Accounting Concepts and Practices

ASU 2017-01: Clarifying the Definition of a Business

Understand the evaluation model from ASU 2017-01 to correctly classify acquisitions and navigate the distinct accounting outcomes for each.

The Financial Accounting Standards Board (FASB) issued Accounting Standards Update (ASU) 2017-01 to provide a clearer, more robust framework for defining a business. This update was a response to feedback that the previous definition was often applied too broadly, leading to incorrect classifications. This clarification is important because it directly impacts whether a transaction is accounted for as a business combination or as an asset acquisition, which have different accounting treatments. The standard aims to create more consistency in application and reduce the costs associated with this evaluation.

The Initial Screen Test

ASU 2017-01 introduced an initial screen test as a simplified first step to efficiently identify acquisitions that are not businesses. The core principle is to determine if substantially all of the fair value of the gross assets acquired is concentrated in a single identifiable asset or a group of similar identifiable assets. If this is the case, the set of acquired assets is not considered a business, and the analysis concludes.

For this test, a single identifiable asset includes any individual asset or group of assets that could be recognized as one in a business combination, such as a building and the land it sits on. A group of similar identifiable assets would include tangible assets that are alike in nature, like a fleet of vehicles. The calculation of gross assets for this test excludes cash, deferred tax assets, and any goodwill created from deferred tax liabilities.

A practical example of passing this screen test is a real estate company purchasing a single commercial office building. In this scenario, the fair value is concentrated in one asset. Therefore, the transaction would be accounted for as an asset acquisition, not a business combination. This simplifies the subsequent accounting required.
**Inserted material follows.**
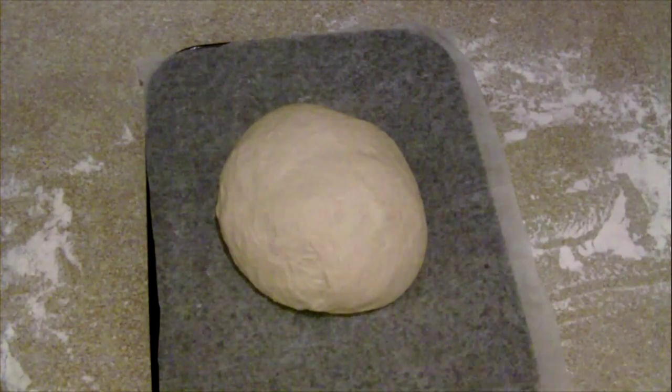Step nine: place the dough on a tray, cover with a damp tea towel again, and leave for about an hour to prove. While you're doing this, preheat the oven to 220 degrees.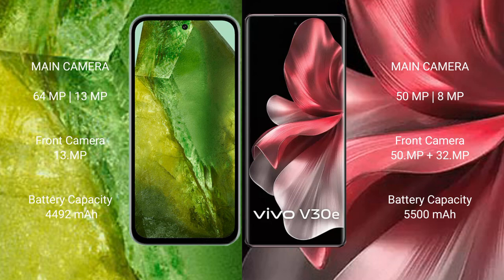Google Pixel 8a has a 4492mAh battery with 30W fast charging support. Vivo V30e has a 5500mAh battery with 44W fast charging support.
The Business Definition Framework

When a transaction fails the initial screen test, the acquiring entity must proceed to a more detailed analysis using the business definition framework. The framework requires determining if the acquired set contains both an “input” and a “substantive process” that together contribute to the ability to create outputs. An input is any economic resource, such as tangible assets or employees, that creates or can create outputs when a process is applied to it.
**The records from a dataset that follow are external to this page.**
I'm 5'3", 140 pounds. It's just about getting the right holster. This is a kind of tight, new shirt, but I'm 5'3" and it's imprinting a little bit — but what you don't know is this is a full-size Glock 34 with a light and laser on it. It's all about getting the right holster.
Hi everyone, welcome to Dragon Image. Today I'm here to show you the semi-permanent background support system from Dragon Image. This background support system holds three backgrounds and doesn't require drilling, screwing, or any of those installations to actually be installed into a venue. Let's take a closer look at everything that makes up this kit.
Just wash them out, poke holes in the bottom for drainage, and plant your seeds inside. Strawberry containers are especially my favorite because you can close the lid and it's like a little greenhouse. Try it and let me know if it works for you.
The evaluation of whether a process is “substantive” depends on whether the acquired set has outputs at the time of acquisition. Outputs are the result of inputs and processes that provide goods or services to customers, generating income. If the acquired set is already generating outputs, a process is considered substantive if it is important to the continuation of producing those outputs, which can be demonstrated by an organized workforce or an acquired automated system.
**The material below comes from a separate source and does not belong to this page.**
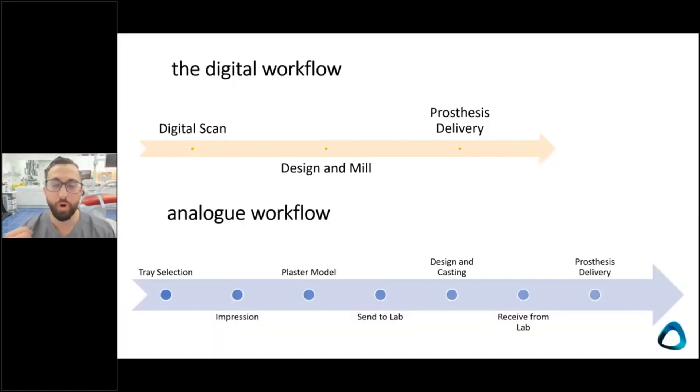Why the digital workflow? It's simply more efficient. The scan is faster than an impression for experienced clinicians, and the dialogue with the lab is much faster — sending a scan to your lab is like sending an email. Compare that to disinfecting an impression and posting it. In a post-pandemic era, cross infection and disinfection are more important than ever, and minimizing handling of impression material is critical.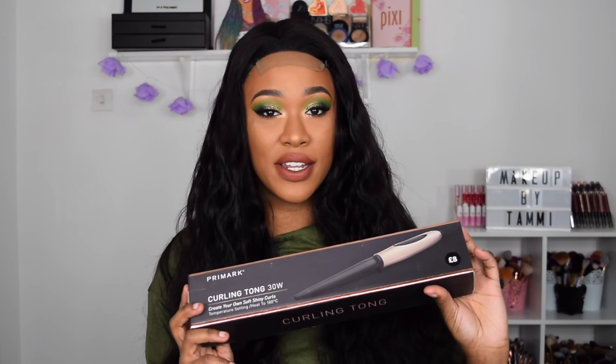Hey guys, it's Tammy — welcome back to my channel. In today's video we're going to be reviewing this hair and also testing out the Primark curling tong which I bought for 8 pounds from Primark. We're gonna see if it works, because most curling tongs are like 20 to 30, maybe 40 to 50 pounds, so 8 pounds — under 10 pounds — I hope it works because it's a bargain.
The criteria are more stringent if the acquired set is not generating outputs, such as with a development-stage company. In this scenario, a process is deemed substantive if it is important to the development or conversion of an acquired input into an output. The acquired set must include an organized workforce that performs this process and the other inputs that the workforce needs to develop the outputs, such as intellectual property or specialized equipment.

Accounting Implications of the Classification

The classification of a transaction as either an asset acquisition or a business combination carries distinct accounting consequences. These differences affect how costs are recorded, how assets are valued on the balance sheet, and how future earnings are reported. The primary accounting differences include:

  • Transaction Costs: In an asset acquisition, costs such as legal and advisory fees are capitalized, meaning they are added to the cost of the acquired assets. In a business combination, these costs are expensed as they are incurred, reducing net income in the period the transaction occurs.
  • Goodwill: This intangible asset, representing the premium paid over the fair value of identifiable net assets, is only recognized in a business combination. It is not recorded in an asset acquisition; instead, any excess purchase price is allocated to the identifiable assets.
  • Contingent Consideration: In a business combination, payments dependent on future events are recorded at fair value at the acquisition date, with subsequent changes in value impacting earnings. In an asset acquisition, such consideration is recorded only when the contingency is resolved and payment is required.
  • Deferred Taxes: Acquired deferred taxes are handled differently, with more limitations on recognizing deferred tax assets in an asset acquisition compared to a business combination.